Top of PROVIDED DATA
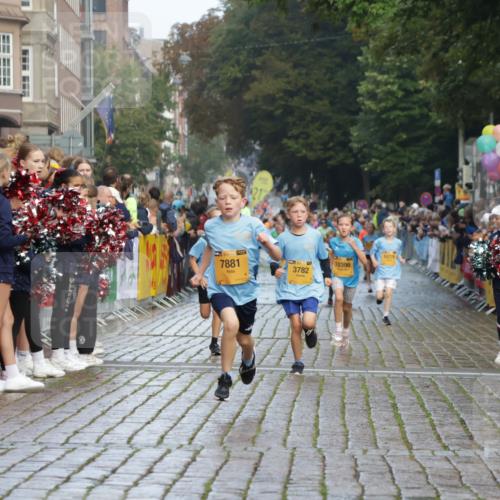 13.09.2026 - Kiel Lauf Yannick Fuchs http://msf.ph/oto/10279166 13.09.2026 08:52:08 Ziel 2015, 3178, 3392, 3538, 3557, 5810, 6372, 7034, 8477, 8736, 10826, 11608, 1210, 1243, 1572, 2020, 3779, 3901, 5130, 5169, 5580, 5793, 5976, 6205, 6532, 7171, 7521, 8538, 8543, 8700, 11448, 12102, 12467, 1647, 1809, 3871, 6517, 6937, 7881, 9381, 10102, 11752, 444, 1243, 5439, 5793, 5906, 6699, 8206, 8657, 9379, 9929 meine-sportfotos.de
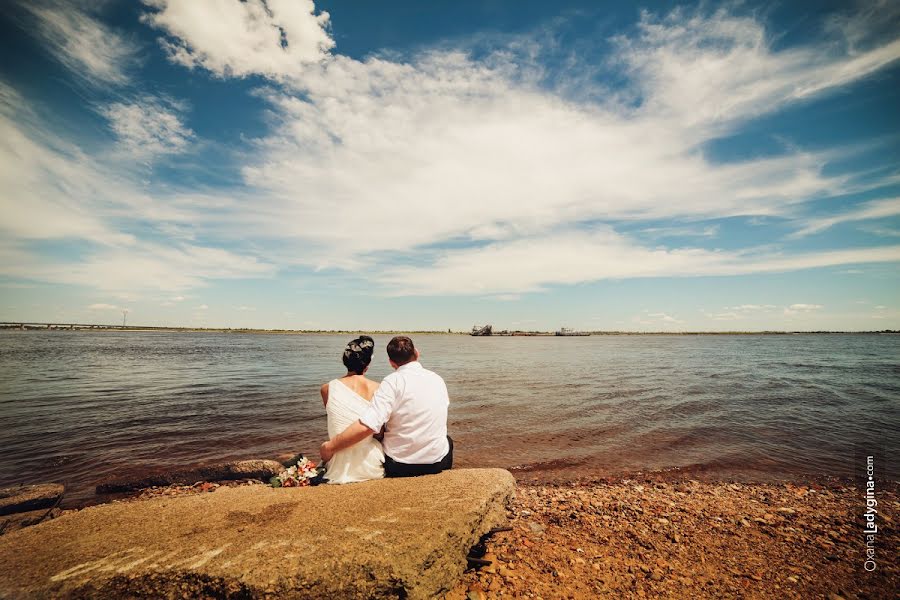 Photographe de mariage Oksana Ladygina (oxanaladygina). Photo du 17 juillet 2013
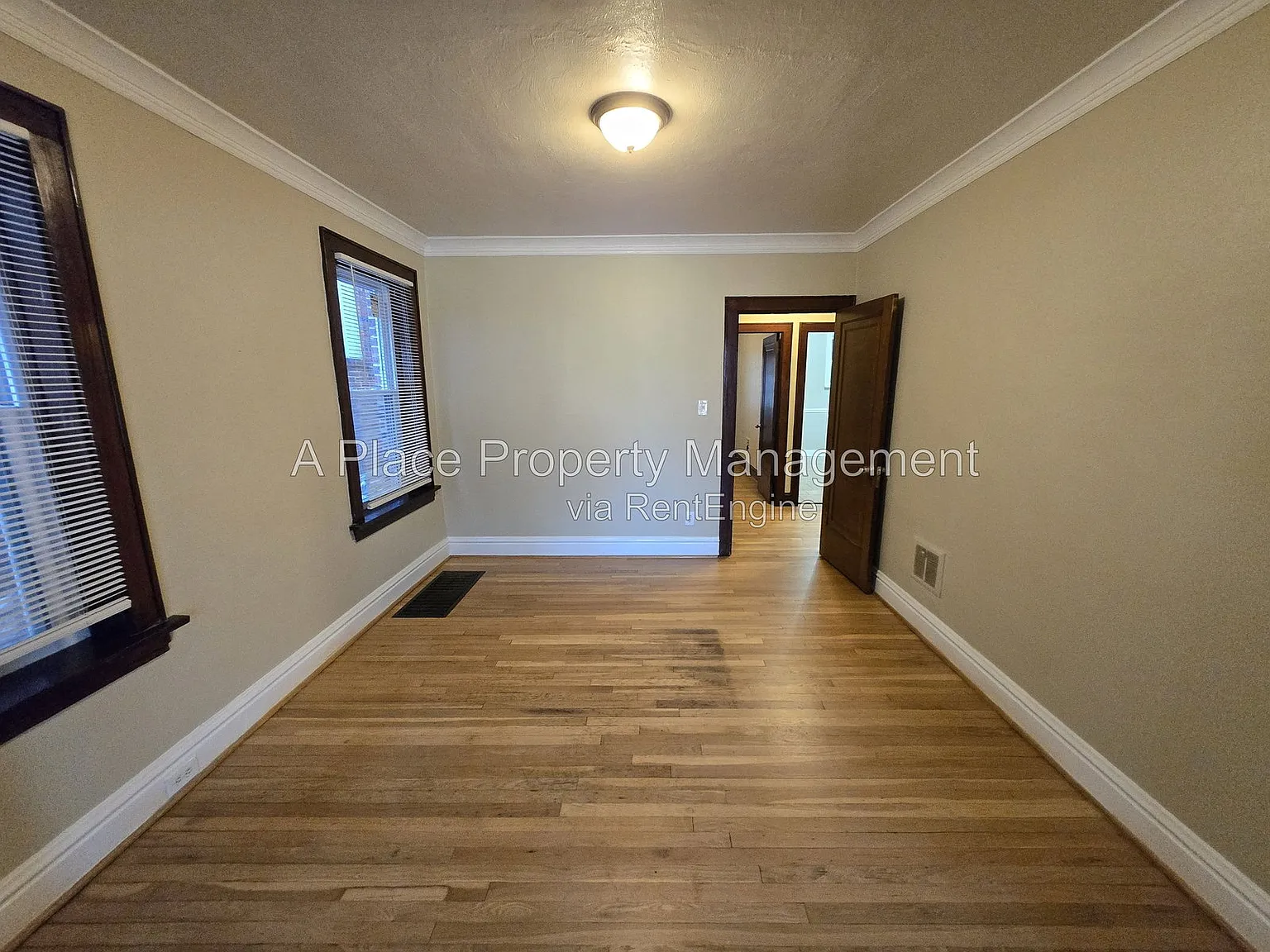 2 bed, 1.0 bath, 987 sqft, $1,295 — Photo 4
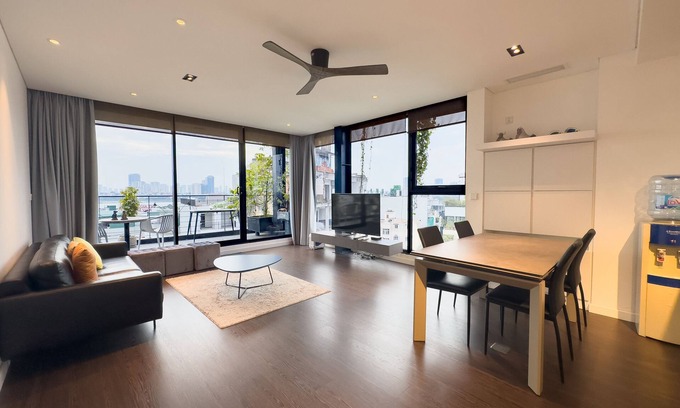 Ba Dinh Apartment | Peaceful apartment near West Lake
Bottom of PROVIDED DATA
EXERCISE BRIEF:
In transcribing the material above, reproduce each line exactly and include none of the pictures.

WRITTEN SOLUTION:
 13.09.2026 - Kiel Lauf Yannick Fuchs http://msf.ph/oto/10279166 13.09.2026 08:52:08 Ziel 2015, 3178, 3392, 3538, 3557, 5810, 6372, 7034, 8477, 8736, 10826, 11608, 1210, 1243, 1572, 2020, 3779, 3901, 5130, 5169, 5580, 5793, 5976, 6205, 6532, 7171, 7521, 8538, 8543, 8700, 11448, 12102, 12467, 1647, 1809, 3871, 6517, 6937, 7881, 9381, 10102, 11752, 444, 1243, 5439, 5793, 5906, 6699, 8206, 8657, 9379, 9929 meine-sportfotos.de
 Photographe de mariage Oksana Ladygina (oxanaladygina). Photo du 17 juillet 2013
 2 bed, 1.0 bath, 987 sqft, $1,295 — Photo 4
 Ba Dinh Apartment | Peaceful apartment near West Lake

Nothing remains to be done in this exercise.